Je suis ouverte au dialogue, et ne veut pas donner l’impression d’avoir la science infuse. Homme ou femme, l’important est de savoir pourquoi on veut aller en politique; j’ai côtoyé tellement de gens pour qui ce n’était pas clair… Que ça soit pour défendre les citoyens de son coin de pays, changer des choses injustes dans sa région ou porter une cause qui nous tient à cœur, il faut trouver un sens à ce que l’on veut accomplir, parce que c’est très exigeant, et rester fidèle à soi-même. Ce qui ne veut pas dire de ne pas s’améliorer, mais toujours être attentif à sa voix intérieure. Quant aux femmes, je leur dirais d’avoir confiance en leurs compétences et leur potentiel. Souvent elles sont studieuses, veulent approfondir un sujet pour se sentir confortables, alors que la politique valorise les contacts informels du type «Parle à un tel ou un tel plutôt que de lire les documents». Mon conseil: ne vous laissez pas encapsuler par cette manière traditionnelle, et faites les choses à votre manière.

Qu’est-ce qui vous manquera le plus de la vie politique, et ce que vous regretterez le moins?

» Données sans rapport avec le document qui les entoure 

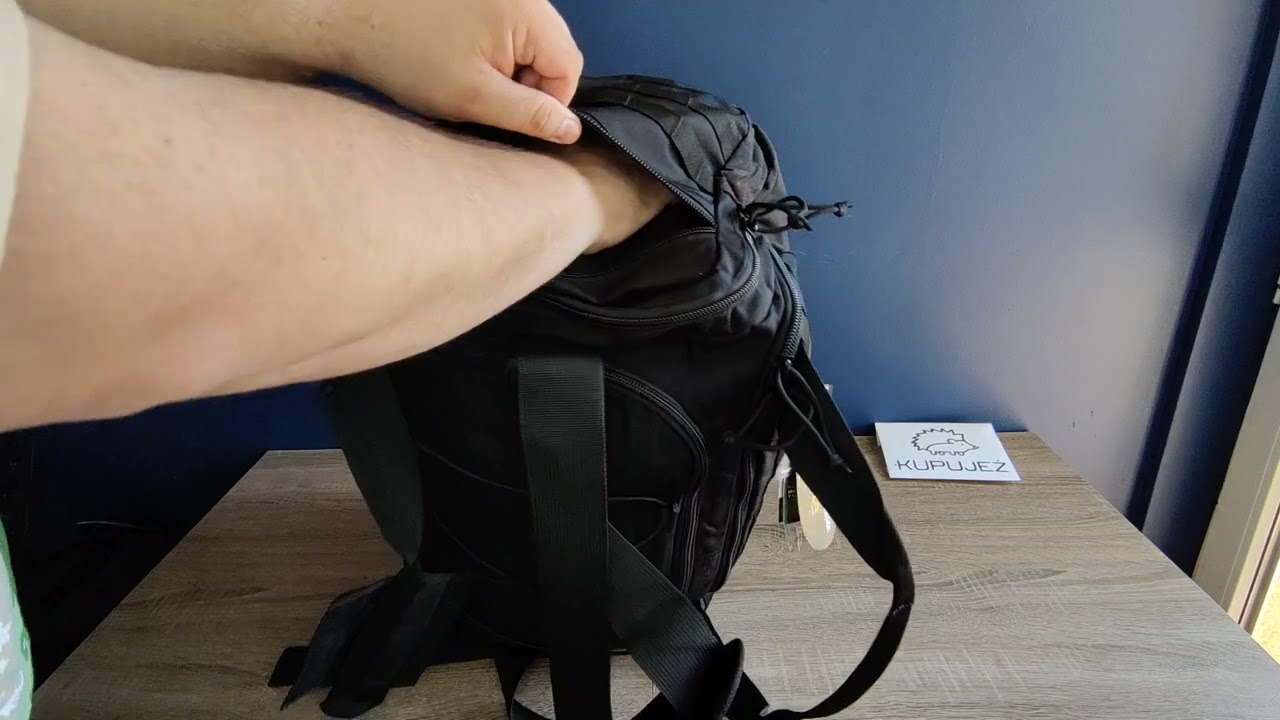 Wisport - Torba STROK 50L czarna - www.kupujez.pl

Ce qu’il y a de beau en politique, c’est la franche camaraderie, le travail en équipe avec des gens de 7 à 77 ans de tous les horizons, de tous les milieux socio-économiques, prêts à travailler ensemble autour d’une cause malgré leurs différences. Tu es dans un état constant d’apprentissage, plus ouvert à différentes choses, ce qui te rend un meilleur être humain. Cette richesse est difficile à revivre dans d’autres milieux avec la même profondeur. Ce qui ne me manquera pas? Être parfaite, à l’affût de tout, prête à rebondir, réagir aux actualités du matin tout en parlant à ses collègues pour être sûr de s’entendre. C’est passionnant, mais je ne m’ennuie pas d’être toujours sur le qui-vive. Il y a 14 ans, j’ai dû apprendre en même temps le rôle de mère et celui de députée, éventuellement ministre, avec la culpabilité en prime. Ce n’est pas nécessairement la recette que je recommande!